Exhibition of crucifixes opens at Westminster Cathedral
Cross with chalice instead of Corpus. China, 19th century.

LONDON.- Could there be a more powerful and enduring expression of devotion than depictions of Christ and the cross? There are certainly no other religious images that have been made in so many locations over so many centuries.

Starting on Ash Wednesday, the exhibition ‘Cross the World: Building Bridges in Wood’ will be at Westminster Cathedral, London. It is a rare attempt to bring together the global diversity of crucifixes and other types of cross in one place, side by side.

Also bringing the world together is the raw material of the exhibits. Wood exists in every inhabited part of the world, forming both a gloriously tactile item of home decor and the brutal fabric to facilitate a crucifixion. It is appropriate that this exhibition of wooden crosses should be in the Cathedral’s Chapel of St Joseph, whose feast day is in Lent. The foster father of Jesus was not only a carpenter and a model of selflessness; he was also a refugee parent looking after a wife and child during their flight into Egypt.

There are crosses from all corners of the planet. In addition to the better-known locations, such as Europe and Latin America, there are examples from Africa and Asia — the fastest-growing Christian communities in the world. China, in particular, provides an unexpected array of crosses inlaid with mother-of-pearl from the 19th century. The Holy Land was formerly a highly creative producer of crosses but is less so these days. Even less are the neighbouring lands of Syria and Iraq. The exhibition features one crucifix brought to the exhibition by the Chaldean Catholic community of Iraq; it is the only example to have avoided destruction by ISIS in the Nineveh Plains town from which it came.

As 2017 is likely to be the Year of the Barrier, this exhibition provides an opportunity for art enthusiasts to see the interconnectedness of a world that has been globalised for centuries. It’s a reminder that the same type of people who in the past tried to stop trade and communication by persecution of selected faiths are still alive today.
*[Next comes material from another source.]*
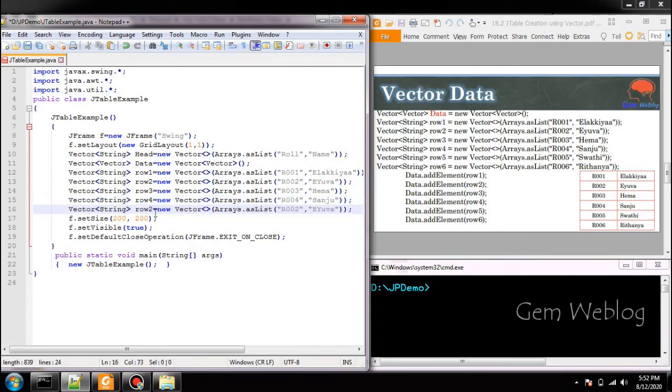Next we are creating fifth row. Roll number 5, name is Swati.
They are busy building walls and not much else. The title of the exhibition refers to a comment make by Pope Francis last year on the subject of politicians who prefer to build walls instead of bridges.
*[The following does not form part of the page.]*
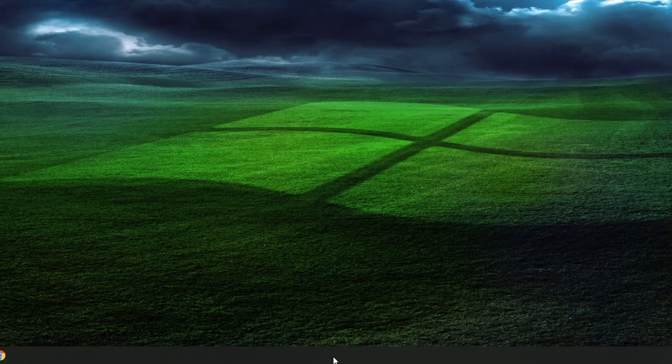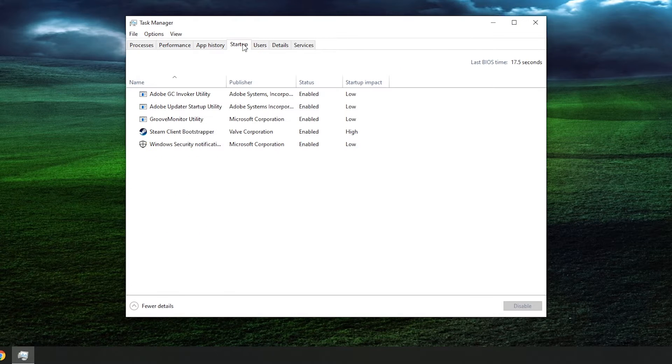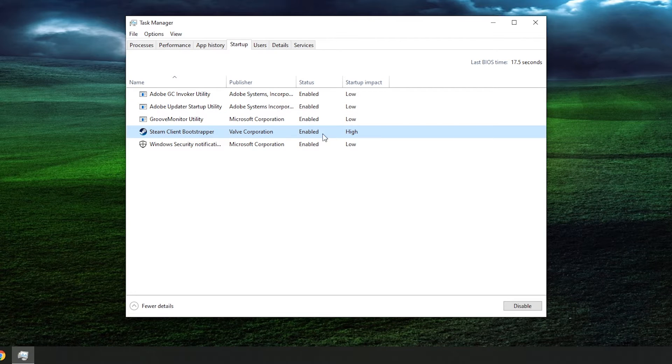To stop a program from starting up with Windows, right-click on the Start menu and select Task Manager. From the tabs on the top, select Startup. Now go through this list and disable the programs you want by selecting the program and pushing the Disable button at the bottom right. Repeat that step for each program you would like to disable. It wouldn't be a bad idea to restart your computer at this point. Once your computer is restarted, launch the app that you disabled and then close it again, then repeat the steps above to make sure that the app is still disabled on startup.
Regardless of political and religious convictions, the cross is a potent and often beautiful symbol for humanity. The thought of a fellow human going through the torment of crucifixion should give everyone cause for reflection. It happened in Roman times and it’s still happening now.

‘Cross the World: Building Bridges in Wood’, from March 1 to 28 at Westminster Cathedral, London, UK. The exhibition is by the Museum of the Cross, a museum that will open in 2018 in Lorraine, France. Entry to the exhibition is free.